Bangladeshi police stand guard in front of the high court in Dhaka on Thursday, Aug 1, 2013. Security was tight in the Bangladeshi capital on Thursday as a top court was set to rule on whether to ban the nation's biggest Islamic party, with fears the
Bangladeshi police stand guard in front of the high court in Dhaka on Thursday, Aug 1, 2013. Security was tight in the Bangladeshi capital on Thursday as a top court was set to rule on whether to ban the nation's biggest Islamic party, with fears the verdict could trigger fresh unrest. -- PHOTO: AFP

DHAKA (AFP) - Security was tight in the Bangladeshi capital on Thursday as a top court was set to rule on whether to ban the nation's biggest Islamic party, with fears the verdict could trigger fresh unrest.

The High Court was scheduled to announce its decision on the legality of Jamaat-e-Islami after a petition was lodged arguing the party's charter conflicted with the nation's secular constitution.

The decision could trigger fresh protests by Jamaat supporters in the politically volatile country, already reeling from deadly violence over war crime verdicts passed on Jamaat's top leadership.

Police officers and members of the elite Rapid Action Battalion have been deployed outside the court in central Dhaka ahead of the verdict in an attempt to prevent any violence.

"We have taken adequate security measures in and around the court area," deputy commissioner of Dhaka Metropolitan Police Maruf Hossain Sarder told AFP.

A leading Sufi group, which practices Islamic mysticism, and dozens of others filed the public interest litigation in January 2009 seeking to scrap Jamaat's registration just days after a secular government took power.

A lawyer for the petitioner, Sheikh Rafiqul Islam, told AFP on Wednesday that Jamaat's charter violates the secular constitution as it calls for the rule of Allah and discriminates against minorities and women.

"If the court cancels Jamaat's registration, it cannot take part in any polls under the country's current election rules," Islam said.

Defence lawyer Tazul Islam said no clause of the party charter was in conflict with the constitution.
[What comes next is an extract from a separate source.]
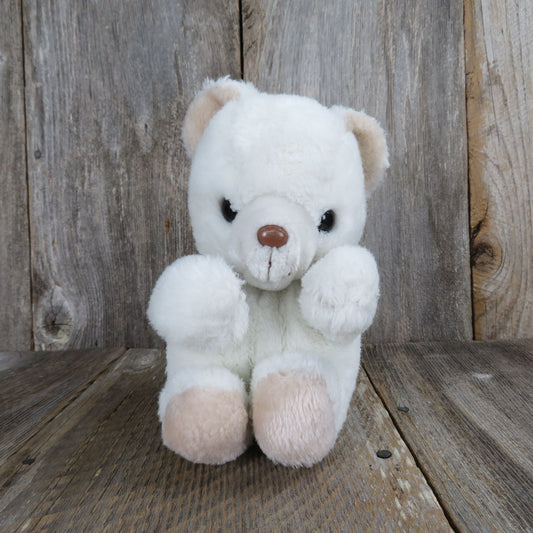 Teddy Bear Plush Sitting with Brown Plastic Nose White Body Tan Feet and Ears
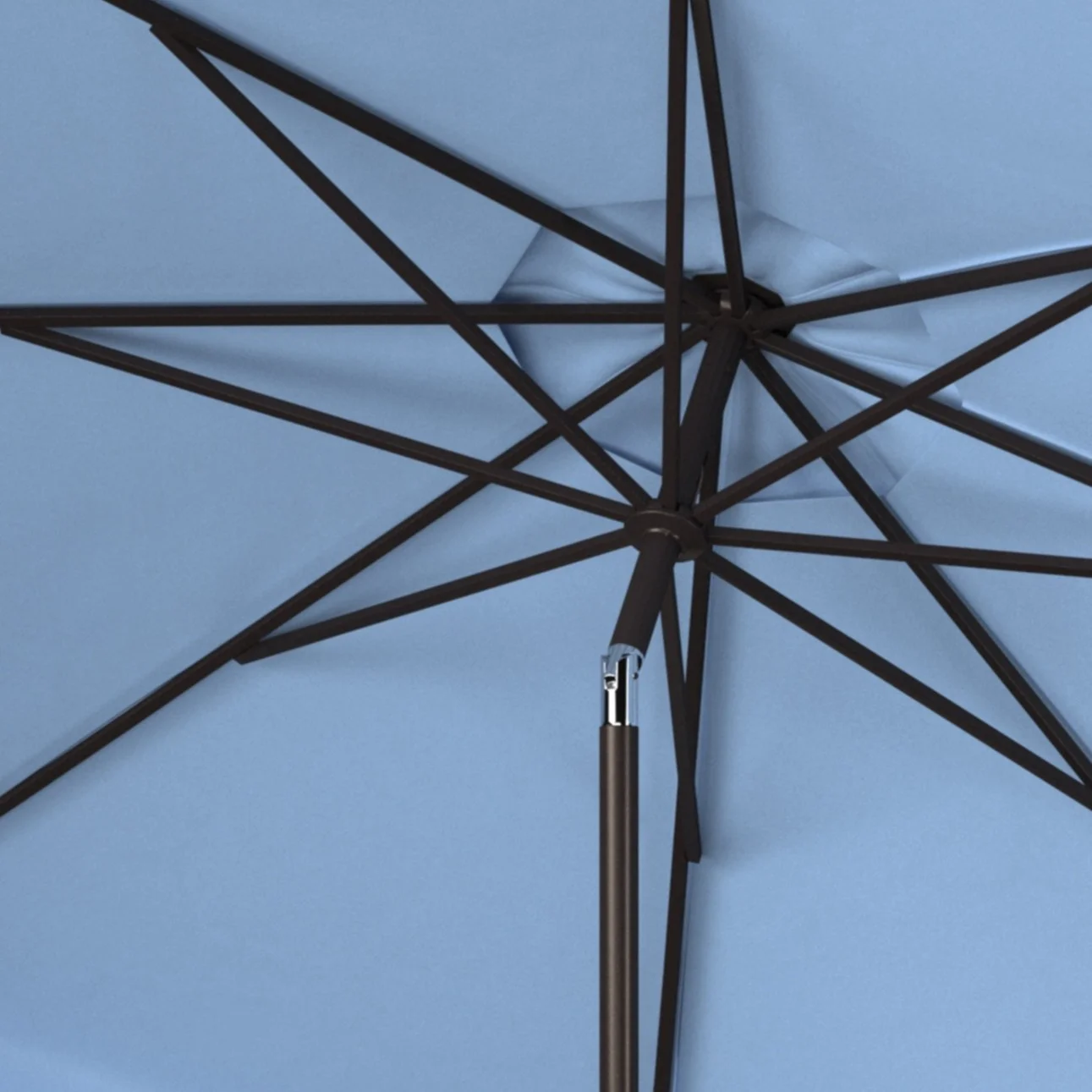 Safavieh Venice 9' Market Crank Tilt Patio Umbrella, Navy/White - Image 34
"If they scrap Jamaat's registration, 28 more parties will also face the same fate automatically," he said.

Secular protesters have long demanded that Jamaat be banned for its role in the 1971 war of independence, during which it opposed Bangladesh's break away from Pakistan.
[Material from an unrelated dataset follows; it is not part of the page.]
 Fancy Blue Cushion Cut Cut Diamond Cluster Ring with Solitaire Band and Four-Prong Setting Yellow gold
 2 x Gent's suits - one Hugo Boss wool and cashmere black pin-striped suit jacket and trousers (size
Top Jamaat leaders are being tried for crimes during the war and four of them have been sentenced to death for murder, mass murder, rape and religious persecution during the struggle.

Protests over the verdicts have sparked violence that has left at least 150 people dead during street clashes with security forces, Human Rights Watch said in a report released Thursday.

Jamaat says the trials are a sham aimed at eliminating the party, which is a key opposition force.

Abdullah Taher, a senior Jamaat official, declined to comment on the case ahead of the High Court's judgement, but accused the government of "persecuting" the party which has millions of loyal supporters.

"About 50,000 of our leaders and activists have been arrested since the first war crime verdict against our leaders," he told AFP, adding that police have also filed cases against some half a million of its supporters.

About 90 percent of Bangladesh's 153 million strong population are Muslim and the constitution was changed in 1988 making Islam the nation's state religion.

But the original constitution, drafted by the main secular party after independence, bars the use of religion in politics.